:: YOUR GOAL ::
Copy, without any change, the lines from the one that holds "CLARK GABLE &" through the final line of the material below.

:: PROVIDED MATERIAL ::
▼
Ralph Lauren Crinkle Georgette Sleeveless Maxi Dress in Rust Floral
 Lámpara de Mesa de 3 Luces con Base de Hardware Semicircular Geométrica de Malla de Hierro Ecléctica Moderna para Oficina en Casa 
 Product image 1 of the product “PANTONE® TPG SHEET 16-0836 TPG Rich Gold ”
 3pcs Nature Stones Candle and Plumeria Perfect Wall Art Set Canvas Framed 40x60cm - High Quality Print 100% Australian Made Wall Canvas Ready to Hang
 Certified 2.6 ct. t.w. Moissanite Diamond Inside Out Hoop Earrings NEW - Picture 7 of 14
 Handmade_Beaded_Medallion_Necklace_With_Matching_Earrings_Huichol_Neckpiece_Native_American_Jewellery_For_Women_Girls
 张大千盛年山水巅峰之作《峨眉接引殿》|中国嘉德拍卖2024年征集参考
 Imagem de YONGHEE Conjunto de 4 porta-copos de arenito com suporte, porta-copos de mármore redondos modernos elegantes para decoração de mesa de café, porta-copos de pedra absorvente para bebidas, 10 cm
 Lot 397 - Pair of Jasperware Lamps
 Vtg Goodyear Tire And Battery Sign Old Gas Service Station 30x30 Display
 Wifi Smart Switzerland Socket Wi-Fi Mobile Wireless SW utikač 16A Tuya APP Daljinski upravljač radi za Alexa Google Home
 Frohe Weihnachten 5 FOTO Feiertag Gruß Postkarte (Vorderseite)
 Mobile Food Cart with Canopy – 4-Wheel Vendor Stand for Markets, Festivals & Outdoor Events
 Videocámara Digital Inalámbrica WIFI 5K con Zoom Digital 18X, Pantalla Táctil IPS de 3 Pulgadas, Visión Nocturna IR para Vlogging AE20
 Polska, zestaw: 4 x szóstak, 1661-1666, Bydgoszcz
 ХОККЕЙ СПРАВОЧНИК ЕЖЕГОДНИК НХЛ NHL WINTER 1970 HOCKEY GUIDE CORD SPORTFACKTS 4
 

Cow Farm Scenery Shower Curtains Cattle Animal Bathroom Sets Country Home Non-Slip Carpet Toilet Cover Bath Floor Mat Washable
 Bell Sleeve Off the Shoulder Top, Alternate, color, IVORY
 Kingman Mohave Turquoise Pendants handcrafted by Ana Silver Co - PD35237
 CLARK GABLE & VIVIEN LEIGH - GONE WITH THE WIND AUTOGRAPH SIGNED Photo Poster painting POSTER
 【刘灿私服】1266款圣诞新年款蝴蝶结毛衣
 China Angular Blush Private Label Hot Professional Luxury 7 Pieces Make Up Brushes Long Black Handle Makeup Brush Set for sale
▲
:: EXERCISE ANSWER ::
 CLARK GABLE & VIVIEN LEIGH - GONE WITH THE WIND AUTOGRAPH SIGNED Photo Poster painting POSTER
 【刘灿私服】1266款圣诞新年款蝴蝶结毛衣
 China Angular Blush Private Label Hot Professional Luxury 7 Pieces Make Up Brushes Long Black Handle Makeup Brush Set for sale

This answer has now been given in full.